*Dataset content*.
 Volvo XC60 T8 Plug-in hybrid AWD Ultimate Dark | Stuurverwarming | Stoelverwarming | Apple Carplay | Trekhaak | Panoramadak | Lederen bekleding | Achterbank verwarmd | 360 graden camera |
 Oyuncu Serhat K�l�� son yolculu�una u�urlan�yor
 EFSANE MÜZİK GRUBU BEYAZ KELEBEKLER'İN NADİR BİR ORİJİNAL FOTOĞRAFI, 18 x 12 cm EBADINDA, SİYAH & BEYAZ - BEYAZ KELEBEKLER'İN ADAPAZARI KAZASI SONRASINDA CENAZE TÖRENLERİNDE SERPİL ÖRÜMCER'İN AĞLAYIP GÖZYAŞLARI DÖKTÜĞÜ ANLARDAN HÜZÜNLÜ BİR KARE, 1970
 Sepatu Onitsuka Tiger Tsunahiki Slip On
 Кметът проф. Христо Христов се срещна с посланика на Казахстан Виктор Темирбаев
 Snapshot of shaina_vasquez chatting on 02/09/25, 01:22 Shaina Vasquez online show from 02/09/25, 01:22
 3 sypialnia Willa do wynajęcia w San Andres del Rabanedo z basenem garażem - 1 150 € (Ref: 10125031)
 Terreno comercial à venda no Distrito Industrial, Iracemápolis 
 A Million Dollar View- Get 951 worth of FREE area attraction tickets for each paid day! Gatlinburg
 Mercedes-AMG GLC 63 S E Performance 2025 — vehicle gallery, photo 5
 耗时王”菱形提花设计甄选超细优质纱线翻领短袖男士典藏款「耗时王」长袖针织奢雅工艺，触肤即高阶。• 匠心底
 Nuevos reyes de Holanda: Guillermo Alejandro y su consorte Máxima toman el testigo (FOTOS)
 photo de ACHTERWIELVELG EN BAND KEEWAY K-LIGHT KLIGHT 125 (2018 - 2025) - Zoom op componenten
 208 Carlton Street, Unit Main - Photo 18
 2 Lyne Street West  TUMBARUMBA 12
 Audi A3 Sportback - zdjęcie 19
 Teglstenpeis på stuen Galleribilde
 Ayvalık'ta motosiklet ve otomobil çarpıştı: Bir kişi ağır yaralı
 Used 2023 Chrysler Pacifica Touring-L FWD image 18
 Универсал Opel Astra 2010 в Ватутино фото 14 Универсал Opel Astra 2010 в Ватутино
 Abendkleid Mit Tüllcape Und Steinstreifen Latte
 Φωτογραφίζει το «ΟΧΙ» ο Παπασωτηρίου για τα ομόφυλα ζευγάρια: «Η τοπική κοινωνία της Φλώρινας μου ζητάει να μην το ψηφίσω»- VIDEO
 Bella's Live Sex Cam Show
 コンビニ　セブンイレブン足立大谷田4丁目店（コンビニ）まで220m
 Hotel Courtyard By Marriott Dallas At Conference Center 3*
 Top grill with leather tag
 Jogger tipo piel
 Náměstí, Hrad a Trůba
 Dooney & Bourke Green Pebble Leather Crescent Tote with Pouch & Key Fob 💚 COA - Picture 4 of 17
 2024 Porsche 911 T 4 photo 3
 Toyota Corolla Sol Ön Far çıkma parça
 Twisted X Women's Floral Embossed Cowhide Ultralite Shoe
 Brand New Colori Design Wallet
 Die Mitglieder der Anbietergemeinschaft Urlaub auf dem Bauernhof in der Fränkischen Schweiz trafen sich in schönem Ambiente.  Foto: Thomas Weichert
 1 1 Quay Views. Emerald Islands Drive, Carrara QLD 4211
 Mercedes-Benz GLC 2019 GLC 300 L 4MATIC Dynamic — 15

*Exercise objective*. A complete, exact transcription of the data above is the required answer.

*Task output*.
 Volvo XC60 T8 Plug-in hybrid AWD Ultimate Dark | Stuurverwarming | Stoelverwarming | Apple Carplay | Trekhaak | Panoramadak | Lederen bekleding | Achterbank verwarmd | 360 graden camera |
 Oyuncu Serhat K�l�� son yolculu�una u�urlan�yor
 EFSANE MÜZİK GRUBU BEYAZ KELEBEKLER'İN NADİR BİR ORİJİNAL FOTOĞRAFI, 18 x 12 cm EBADINDA, SİYAH & BEYAZ - BEYAZ KELEBEKLER'İN ADAPAZARI KAZASI SONRASINDA CENAZE TÖRENLERİNDE SERPİL ÖRÜMCER'İN AĞLAYIP GÖZYAŞLARI DÖKTÜĞÜ ANLARDAN HÜZÜNLÜ BİR KARE, 1970
 Sepatu Onitsuka Tiger Tsunahiki Slip On
 Кметът проф. Христо Христов се срещна с посланика на Казахстан Виктор Темирбаев
 Snapshot of shaina_vasquez chatting on 02/09/25, 01:22 Shaina Vasquez online show from 02/09/25, 01:22
 3 sypialnia Willa do wynajęcia w San Andres del Rabanedo z basenem garażem - 1 150 € (Ref: 10125031)
 Terreno comercial à venda no Distrito Industrial, Iracemápolis 
 A Million Dollar View- Get 951 worth of FREE area attraction tickets for each paid day! Gatlinburg
 Mercedes-AMG GLC 63 S E Performance 2025 — vehicle gallery, photo 5
 耗时王”菱形提花设计甄选超细优质纱线翻领短袖男士典藏款「耗时王」长袖针织奢雅工艺，触肤即高阶。• 匠心底
 Nuevos reyes de Holanda: Guillermo Alejandro y su consorte Máxima toman el testigo (FOTOS)
 photo de ACHTERWIELVELG EN BAND KEEWAY K-LIGHT KLIGHT 125 (2018 - 2025) - Zoom op componenten
 208 Carlton Street, Unit Main - Photo 18
 2 Lyne Street West  TUMBARUMBA 12
 Audi A3 Sportback - zdjęcie 19
 Teglstenpeis på stuen Galleribilde
 Ayvalık'ta motosiklet ve otomobil çarpıştı: Bir kişi ağır yaralı
 Used 2023 Chrysler Pacifica Touring-L FWD image 18
 Универсал Opel Astra 2010 в Ватутино фото 14 Универсал Opel Astra 2010 в Ватутино
 Abendkleid Mit Tüllcape Und Steinstreifen Latte
 Φωτογραφίζει το «ΟΧΙ» ο Παπασωτηρίου για τα ομόφυλα ζευγάρια: «Η τοπική κοινωνία της Φλώρινας μου ζητάει να μην το ψηφίσω»- VIDEO
 Bella's Live Sex Cam Show
 コンビニ　セブンイレブン足立大谷田4丁目店（コンビニ）まで220m
 Hotel Courtyard By Marriott Dallas At Conference Center 3*
 Top grill with leather tag
 Jogger tipo piel
 Náměstí, Hrad a Trůba
 Dooney & Bourke Green Pebble Leather Crescent Tote with Pouch & Key Fob 💚 COA - Picture 4 of 17
 2024 Porsche 911 T 4 photo 3
 Toyota Corolla Sol Ön Far çıkma parça
 Twisted X Women's Floral Embossed Cowhide Ultralite Shoe
 Brand New Colori Design Wallet
 Die Mitglieder der Anbietergemeinschaft Urlaub auf dem Bauernhof in der Fränkischen Schweiz trafen sich in schönem Ambiente.  Foto: Thomas Weichert
 1 1 Quay Views. Emerald Islands Drive, Carrara QLD 4211
 Mercedes-Benz GLC 2019 GLC 300 L 4MATIC Dynamic — 15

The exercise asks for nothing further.